_INPUT RECORDS_

....

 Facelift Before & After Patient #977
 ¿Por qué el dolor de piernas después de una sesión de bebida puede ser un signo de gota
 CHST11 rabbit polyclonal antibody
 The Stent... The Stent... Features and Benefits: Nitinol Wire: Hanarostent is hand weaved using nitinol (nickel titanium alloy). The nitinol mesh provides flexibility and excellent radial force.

....

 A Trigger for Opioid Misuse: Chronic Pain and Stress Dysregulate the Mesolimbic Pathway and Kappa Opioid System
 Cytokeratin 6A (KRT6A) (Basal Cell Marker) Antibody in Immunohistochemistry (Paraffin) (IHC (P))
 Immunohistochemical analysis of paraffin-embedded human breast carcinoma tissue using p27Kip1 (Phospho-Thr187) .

....

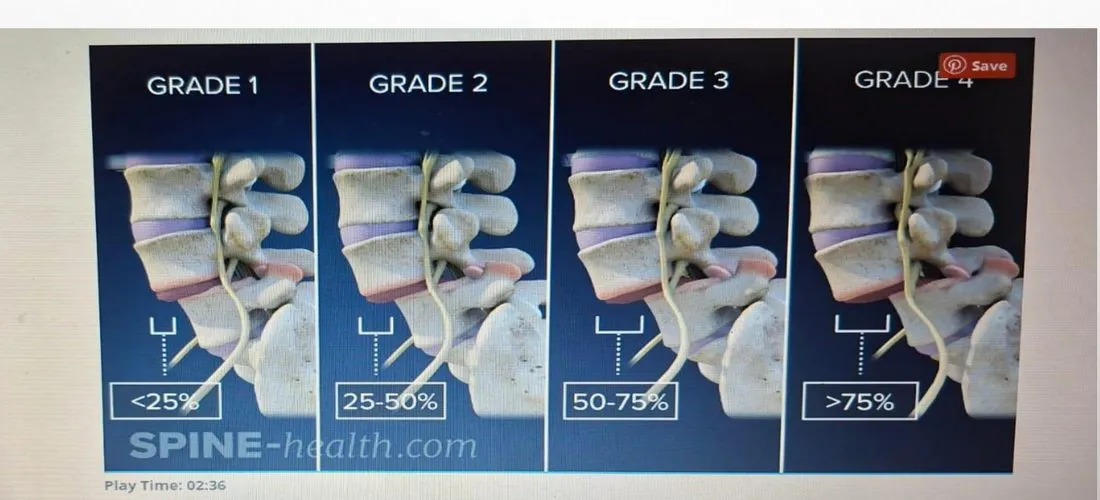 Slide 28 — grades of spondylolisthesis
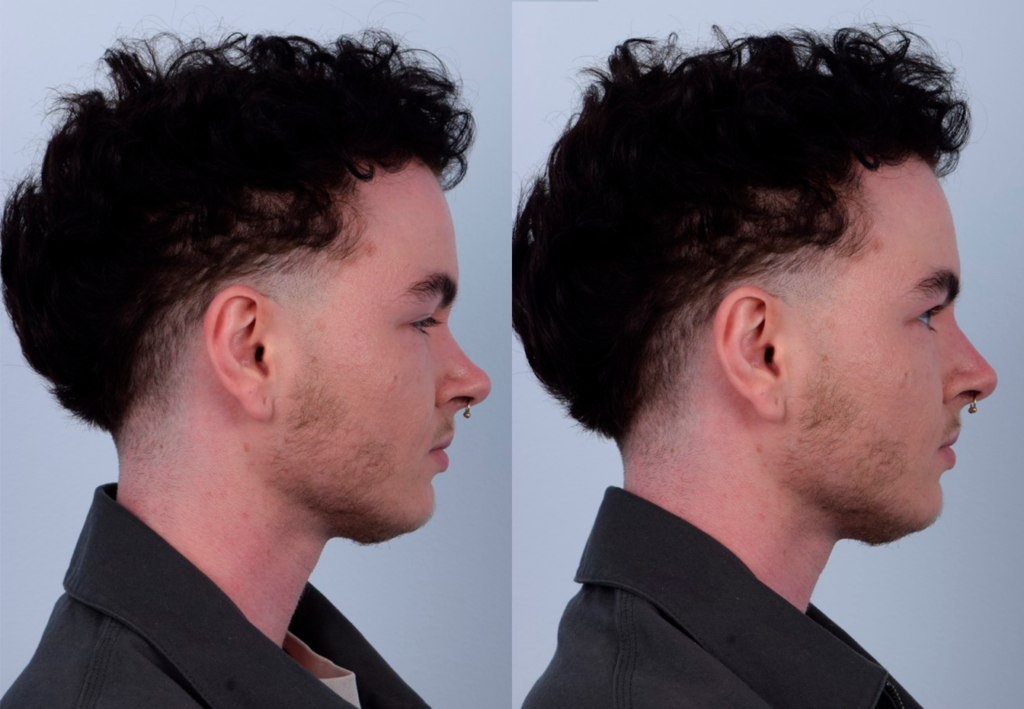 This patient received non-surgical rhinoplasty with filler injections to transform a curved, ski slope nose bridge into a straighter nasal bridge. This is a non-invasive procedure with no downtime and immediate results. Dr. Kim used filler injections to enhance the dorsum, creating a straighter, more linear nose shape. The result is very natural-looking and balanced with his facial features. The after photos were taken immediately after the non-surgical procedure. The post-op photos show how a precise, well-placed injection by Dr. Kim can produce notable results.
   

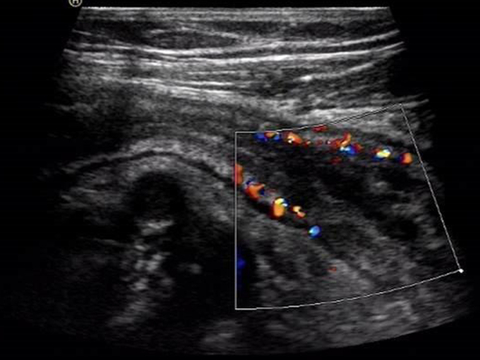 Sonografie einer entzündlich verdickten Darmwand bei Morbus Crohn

....

_YOUR INSTRUCTIONS_
Your task is to list each line of the records with the word "using".

_SOLUTION_
 The Stent... The Stent... Features and Benefits: Nitinol Wire: Hanarostent is hand weaved using nitinol (nickel titanium alloy). The nitinol mesh provides flexibility and excellent radial force.
 Immunohistochemical analysis of paraffin-embedded human breast carcinoma tissue using p27Kip1 (Phospho-Thr187) .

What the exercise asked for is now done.